Si nous parlons des fables, c’est juste
comme un herbage dru évite
aux fruits en chute
de se taler
(Verticale du secret, dans Terre énergumène et autres poèmes, p. 160.)
Révoquant certitudes et croyances, c’est « aux énigmes » que le poète a affaire. Ne pas se laisser prendre à l’illusion des « secrets » :
Qui demeure ?
un présage
que le ciel n’est pas illisible mais nu
comme un corps d’immense nageur.
(Verticale du secret, dans Terre énergumène et autres poèmes, p. 176.)
Seulement donc « Des principes de surprise » pour « se poser toujours des questions » (Rituel d’emportement, Le Temps qu’il fait / Obsidiane, p. 319.) – « Explorer l’incertain » (Explorer l’incertain, L’Amourier.)
Est-ce le lointain-familier de l’horizon qui tenta la rêverie ?

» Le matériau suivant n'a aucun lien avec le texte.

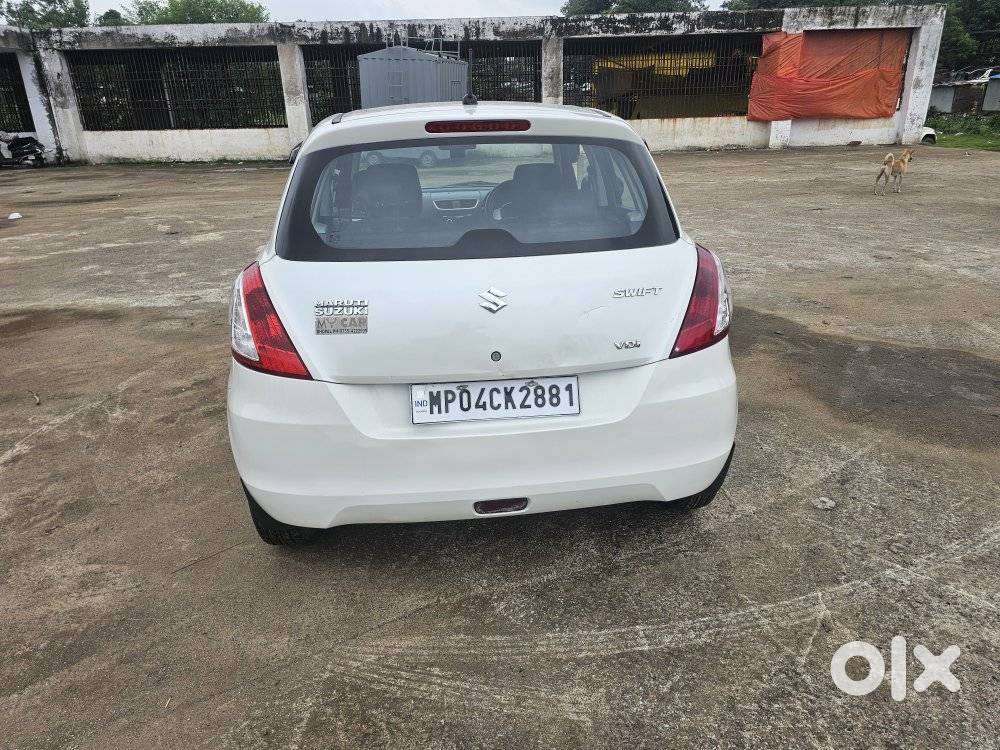 Maruti Suzuki Swift Vdi, 2012, Diesel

La terre est courbe à l’horizon
comme si notre ventre était étendu là
et nous attendait pour une autre existence
plus grandiose, dans la sérénité des éléments.
(Anamorphoses, Écrits des Forges, p. 110.)
Ou la séduction inopinée du mot « encorbellement » ?
Pas tout à fait un caprice du poète, néanmoins, ce surplomb qui se décline au noir quand l’être aimé est absent – « La vérité […], c’est qu’on se tient / sur un rebord très approximatif des choses » (Verticale du secret, dans Terre énergumène et autres poèmes, p. 178.) –, dans une version plus heureuse au passage d’un « nuage nuancier » – « On vit sur un rebord heureux du temps / de quoi se souvenir » (Terre énergumène, p. 342.) Marges voisines de tous les intervalles dont l’existence est creusée et que la poésie de Marie-Claire Bancquart ne cesse d’interroger :
Oui, l’intervalle
Tu crois te dépouiller
de l’intervalle ?
Tissé avec ton corps
tu n’en saurais tirer
nulle fibre
sans
filer toi-même comme un bas.
L’adhérence
elle est là, étrange :
tu ne fais qu’un avec l’écart mince, fondamental,
vers
le début d’abîme
et
le début de joie
(Avec la mort, quartier d’orange entre les dents, p. 59.)
Piéger ? — « Projet » ancien :
Parier le partage
Prendre au piège
Le positif de moi grâce aux ténèbres d’à-côté ».
(Mémoire d’abolie, Belfond, p. 48.)
Explorer cet « ailleurs » qui « commence à nos muqueuses » :
Un fragment d’invisible
mûrit
jumeau inclus dans notre corps.
(Sans lieu sinon l’attente, Sens, Obsidiane, p. 20).
Découvrir l’étranger dans l’intime et entrer dans l’intimité de ce « haut-fond d’inconnu » (Opéra des limites, José Corti, p. 29). Accueillir « À rebours » sa parenté avec l’élémentaire, « rebrousse[r] » vers son « corps océan » (Ibid., p. 41) :
On sauterait
la balustrade.
On parviendrait
à l’outre-espace, avec ses lunes naissantes,
sa terre
autre et semblable, et toute chose serait complète.
(Verticale du secret, dans Terre énergumène et autres poèmes, p. 176.)